For years I've been using my trusty HP Officejet Pro K550 from both Windows & FreeBSD.
Originally, the Windows drivers supplied by HP would check for expiration of ink cartridges while the FreeBSD (hplip) drivers didn't.
So, whenever my cartridges expired I just kept printing from FreeBSD. Since that's my main desktop and I only needed Windows for certain complex Office documents,
I could get by with printing to PDF, rebooting and then printing it in my trusty FreeBSD.
That was back in the Windows XP era. Nowadays, HP doesn't provide an official driver for Windows 7 but Microsoft has apparently incorporated a driver without any 
expiration check. So that problem was fixed when I switched to Windows 7. I was happy.

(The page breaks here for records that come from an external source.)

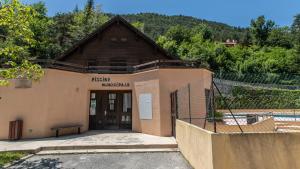 Appart'hotels Vacanceole - Residence Les Gorges Rouges : photos des chambres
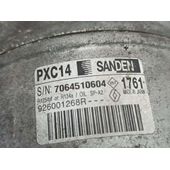 Compresor Aire Acondicionado para Renault Megane Iv Berlina 5P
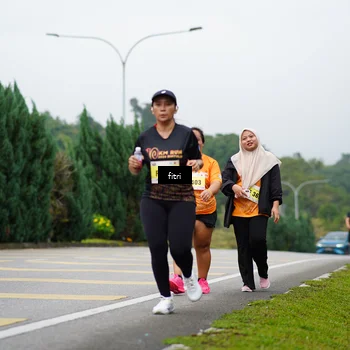 Runner Photo 8477412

Cut to a few years later, now probably 5 years ago or so, the FreeBSD driver started having the same behaviour. In short, after sending something to my printer, it would just
stop printing after a few lines. This is the same behaviour as Windows XP had with the original HP driver. Windows 7 however prints perfectly fine.
So in short, the situation has now been reversed. The added annoyance is that I never boot my Windows unless I really have to whereas rebooting into FreeBSD before
was just common sense. I was going to use FreeBSD most likely after printing anyway.

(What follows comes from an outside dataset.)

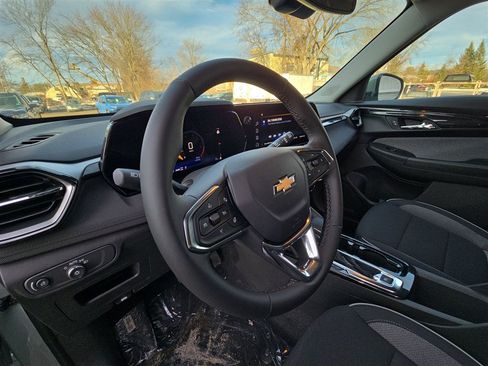 New 2026 Chevrolet TrailBlazer LT w/ Convenience Package image 10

For years I've just accepted this behaviour, with some on-and-off searching through mailing lists, source code and stuff whenever I got annoyed. I never found out where 
this logic is actually located and how I could disable it.

Today I found out that my printer actually has an override in its firmware. All I needed to do is press and hold the power button, press the resume button 3 times and let go.
That's all. It only took me approximately 15 years to find this out. I am - apparently - textbook oblivious.

Just posting this in case I might help someone else or my future self, since I'm most likely going to forget this anyway


----------